[What you need to do] Only certain lines below are wanted: those starting at the line containing "Peugeot 208 II" and ending at the line containing "Gebruikt, Contact.group@renault.com, Bumper", both included, each retyped exactly.

[Task material]
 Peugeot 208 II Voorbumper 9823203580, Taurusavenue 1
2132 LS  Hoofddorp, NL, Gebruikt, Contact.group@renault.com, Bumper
--
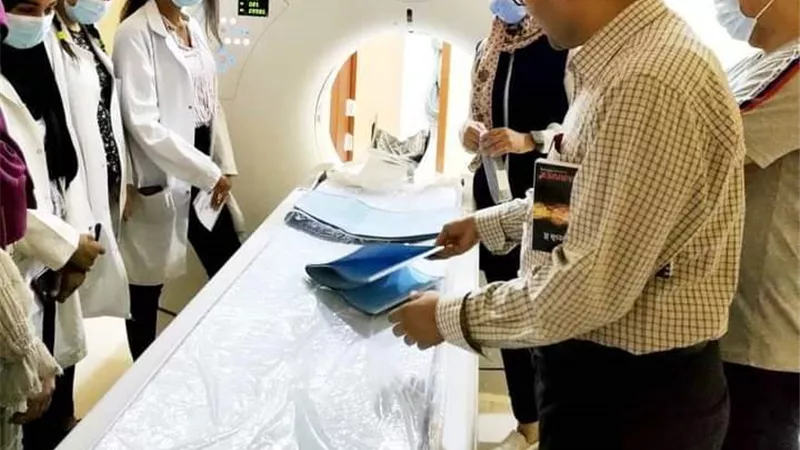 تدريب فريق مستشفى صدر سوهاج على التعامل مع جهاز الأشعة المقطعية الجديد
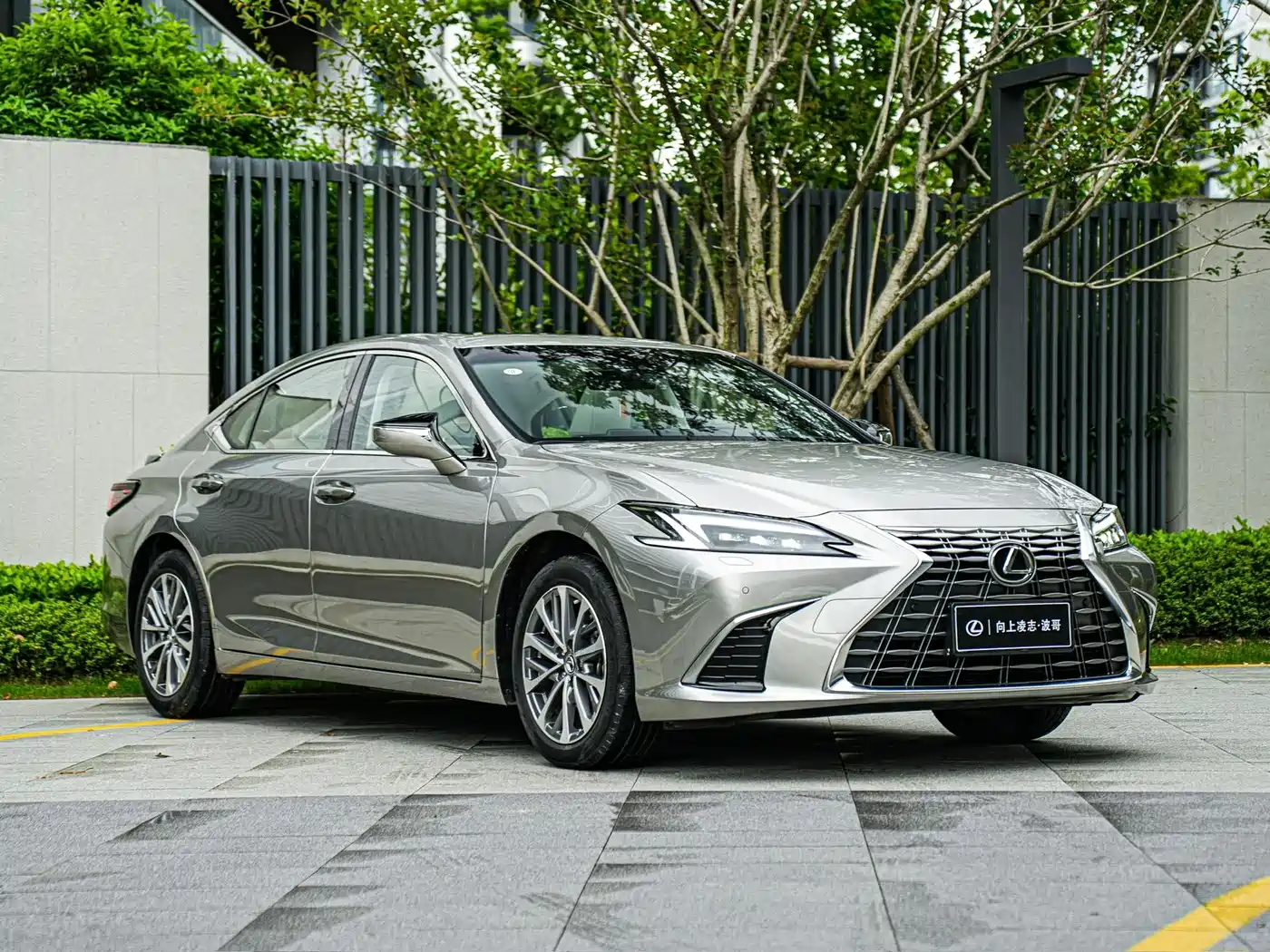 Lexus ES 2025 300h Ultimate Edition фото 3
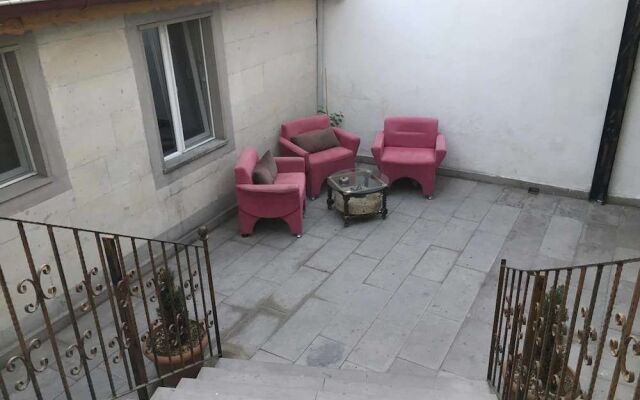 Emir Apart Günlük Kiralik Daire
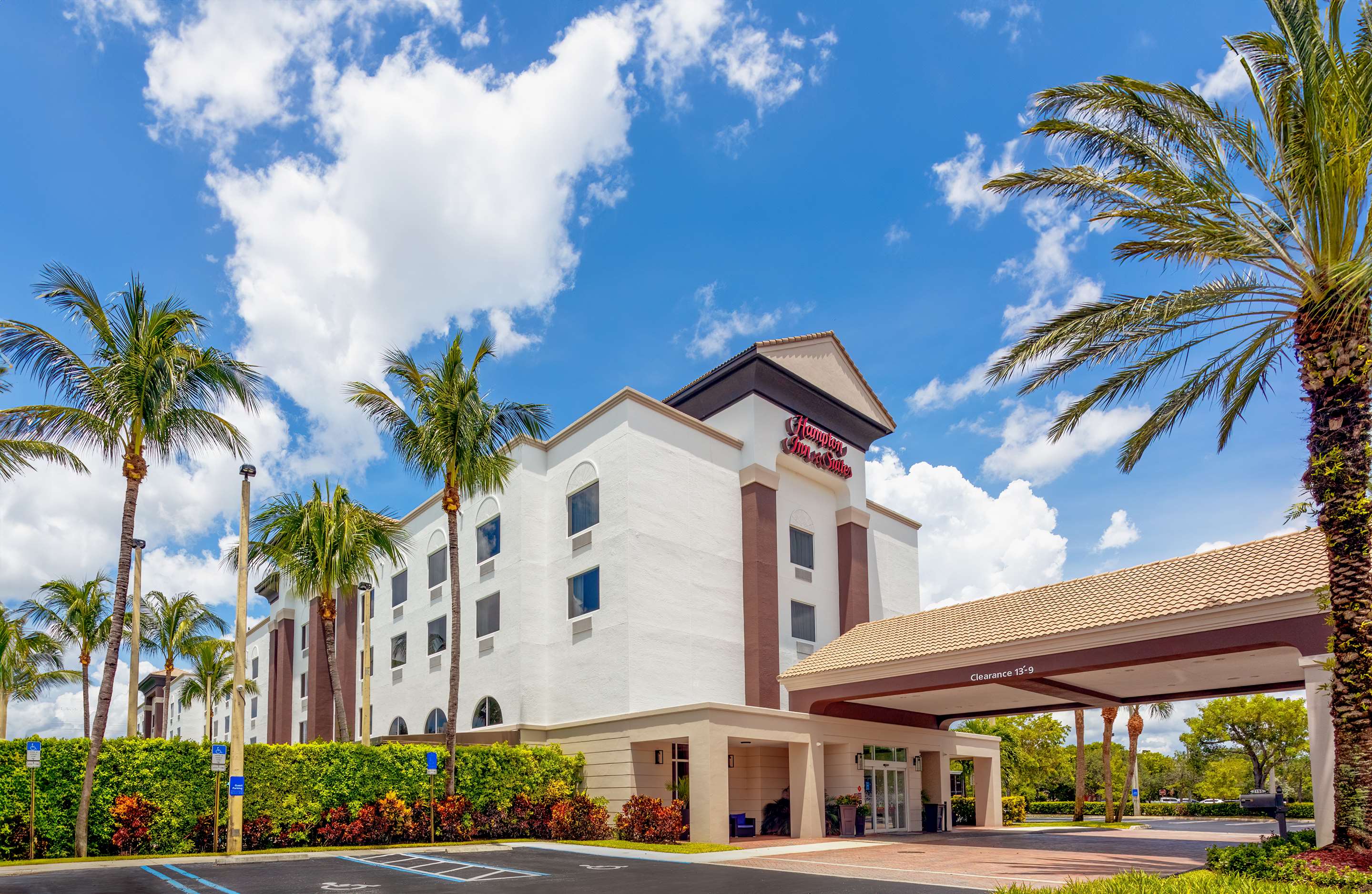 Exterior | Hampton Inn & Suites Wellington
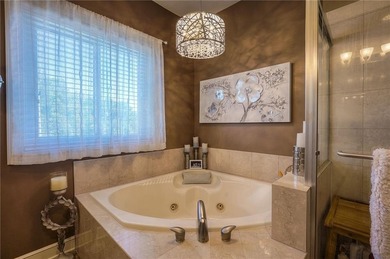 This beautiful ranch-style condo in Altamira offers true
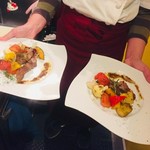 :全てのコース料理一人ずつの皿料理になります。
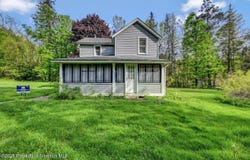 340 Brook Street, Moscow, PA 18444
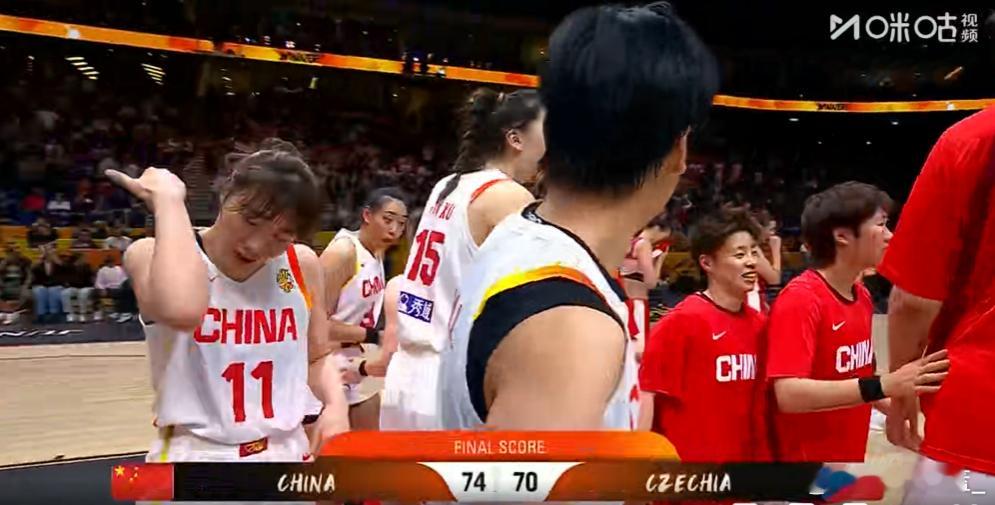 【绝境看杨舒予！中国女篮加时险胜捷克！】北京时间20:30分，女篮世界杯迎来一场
==
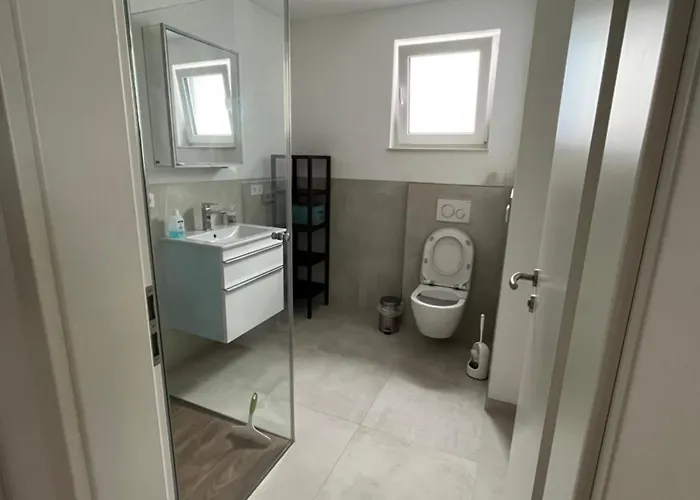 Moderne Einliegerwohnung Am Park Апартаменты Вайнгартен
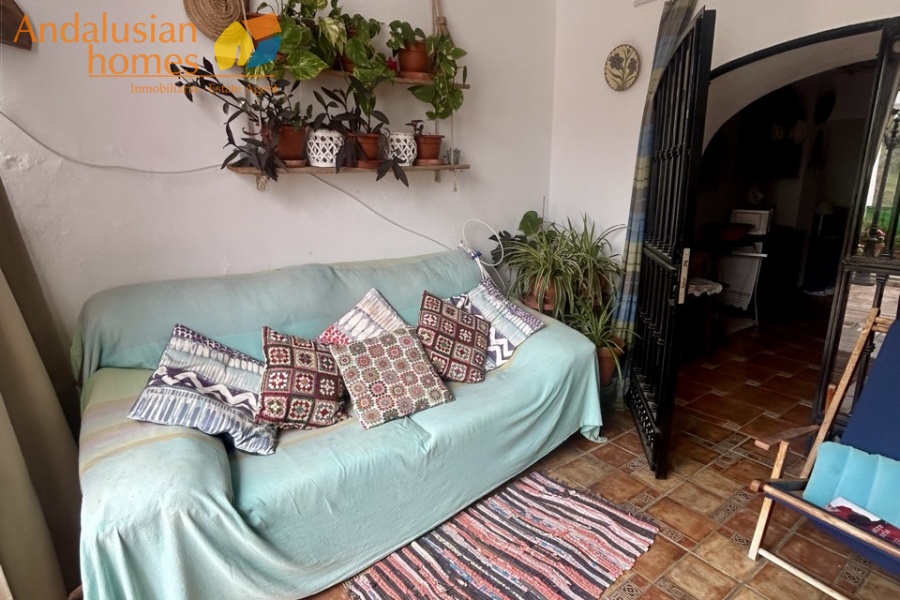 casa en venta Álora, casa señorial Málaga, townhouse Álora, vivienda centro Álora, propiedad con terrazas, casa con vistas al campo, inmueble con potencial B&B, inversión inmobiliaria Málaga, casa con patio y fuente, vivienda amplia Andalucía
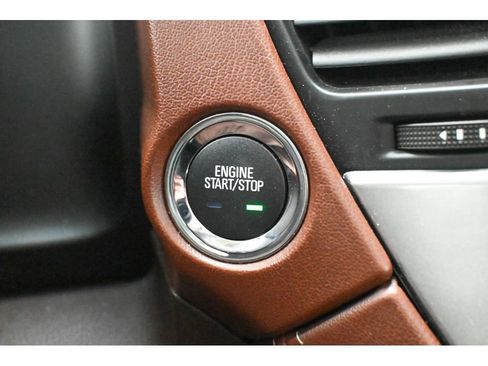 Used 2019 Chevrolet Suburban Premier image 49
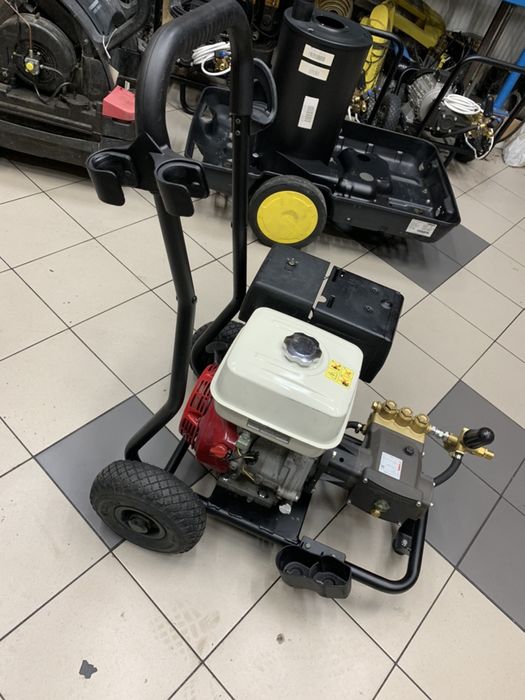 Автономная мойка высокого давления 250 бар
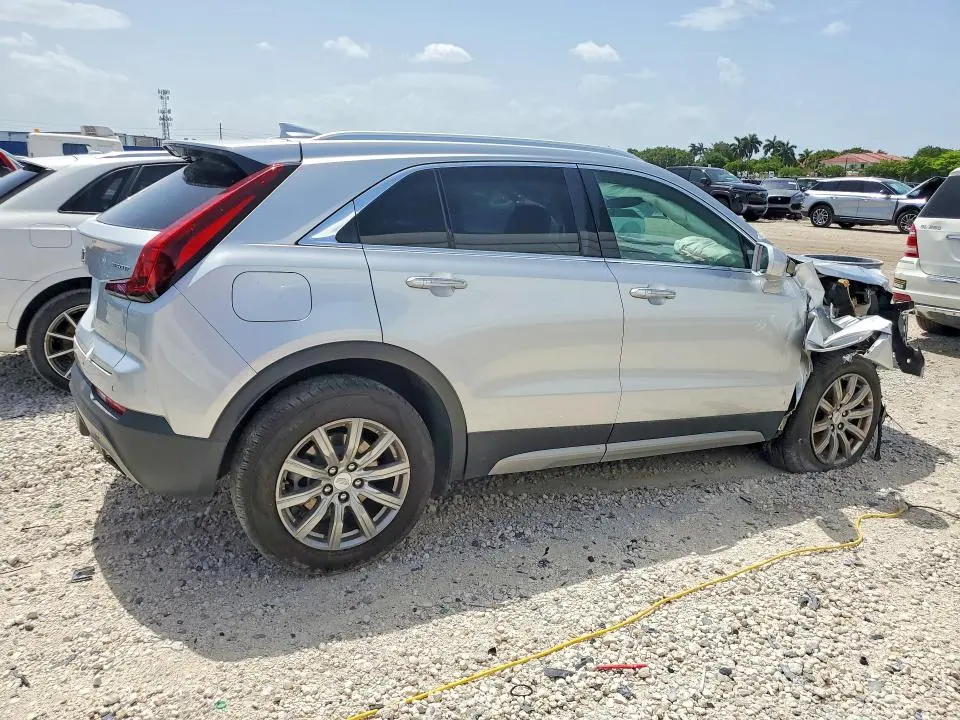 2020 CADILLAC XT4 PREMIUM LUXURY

[Response to this exercise]
 Peugeot 208 II Voorbumper 9823203580, Taurusavenue 1
2132 LS  Hoofddorp, NL, Gebruikt, Contact.group@renault.com, Bumper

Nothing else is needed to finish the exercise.